In addition to this, Bush has eliminated hundreds of millions of
dollars from worker training and relocation assistance funding for
unemployed and displaced workers.
If that isn't enough, the direct result of the tax policies has
been to intensify the polarization of wealth and poverty. According
to the CBO, the top one percent of income earners, who average about
$1.2 million each year, received 1/3 of the benefits from the tax
cuts Bush pushed through Congress since 2001. Households in this
income bracket received an average of $78,000 annually from the
tax cut. The top 20 percent, averaging over $200,000, took in 2/3
of the total windfall from the tax cuts.
The bottom 20 percent of wage earners averaged only about $250
in returns in the last three years. The tax benefit to the top 1
percent alone - the very richest of Americans - equals what it would
cost for two wars in Iraq or what experts believe it would cost
for two years to provide every American with health care coverage.

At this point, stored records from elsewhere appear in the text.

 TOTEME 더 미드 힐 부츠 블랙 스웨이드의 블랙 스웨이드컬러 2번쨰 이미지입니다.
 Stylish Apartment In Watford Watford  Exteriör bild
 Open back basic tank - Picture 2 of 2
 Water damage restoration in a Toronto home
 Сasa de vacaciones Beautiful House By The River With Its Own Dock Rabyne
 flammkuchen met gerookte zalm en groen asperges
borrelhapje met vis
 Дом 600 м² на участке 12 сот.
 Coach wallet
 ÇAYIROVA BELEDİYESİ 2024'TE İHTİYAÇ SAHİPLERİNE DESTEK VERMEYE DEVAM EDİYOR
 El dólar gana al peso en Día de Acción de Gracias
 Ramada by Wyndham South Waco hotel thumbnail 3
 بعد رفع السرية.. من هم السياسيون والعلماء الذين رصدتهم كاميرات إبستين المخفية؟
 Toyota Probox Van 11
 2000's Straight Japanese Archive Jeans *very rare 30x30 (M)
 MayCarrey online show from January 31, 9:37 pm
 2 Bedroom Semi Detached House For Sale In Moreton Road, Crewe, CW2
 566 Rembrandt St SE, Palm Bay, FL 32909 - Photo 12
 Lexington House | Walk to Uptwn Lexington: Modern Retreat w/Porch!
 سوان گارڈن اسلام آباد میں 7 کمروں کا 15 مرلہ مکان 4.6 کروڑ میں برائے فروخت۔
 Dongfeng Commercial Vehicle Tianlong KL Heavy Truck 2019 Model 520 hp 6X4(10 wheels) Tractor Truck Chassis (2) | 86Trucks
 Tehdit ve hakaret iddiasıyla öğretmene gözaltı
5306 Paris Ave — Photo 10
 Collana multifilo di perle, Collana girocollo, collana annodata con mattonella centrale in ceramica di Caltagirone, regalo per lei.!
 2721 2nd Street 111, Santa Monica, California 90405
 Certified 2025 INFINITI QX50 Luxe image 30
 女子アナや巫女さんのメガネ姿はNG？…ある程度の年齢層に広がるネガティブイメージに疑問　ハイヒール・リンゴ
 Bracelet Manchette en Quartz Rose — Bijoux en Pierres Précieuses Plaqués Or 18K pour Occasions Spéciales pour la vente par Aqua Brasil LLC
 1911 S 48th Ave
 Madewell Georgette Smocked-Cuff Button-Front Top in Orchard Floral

While Republicans claim that these statistics prove that the tax
cuts benefited everyone, it is clear that Bush's tax policies have
shifted the burden of financing federal spending to the working
class. It is we who will have to pay for these tax policies: we
will pay disproportionately to make up for the growing deficit with
higher interest rates, higher tax rates, and more cuts in social
services we all rely on.
Joel Wendland is managing editor of Political
Affairs, blogs at ClassWarNotes,
and can be reached at jwendland@politicalaffairs.net.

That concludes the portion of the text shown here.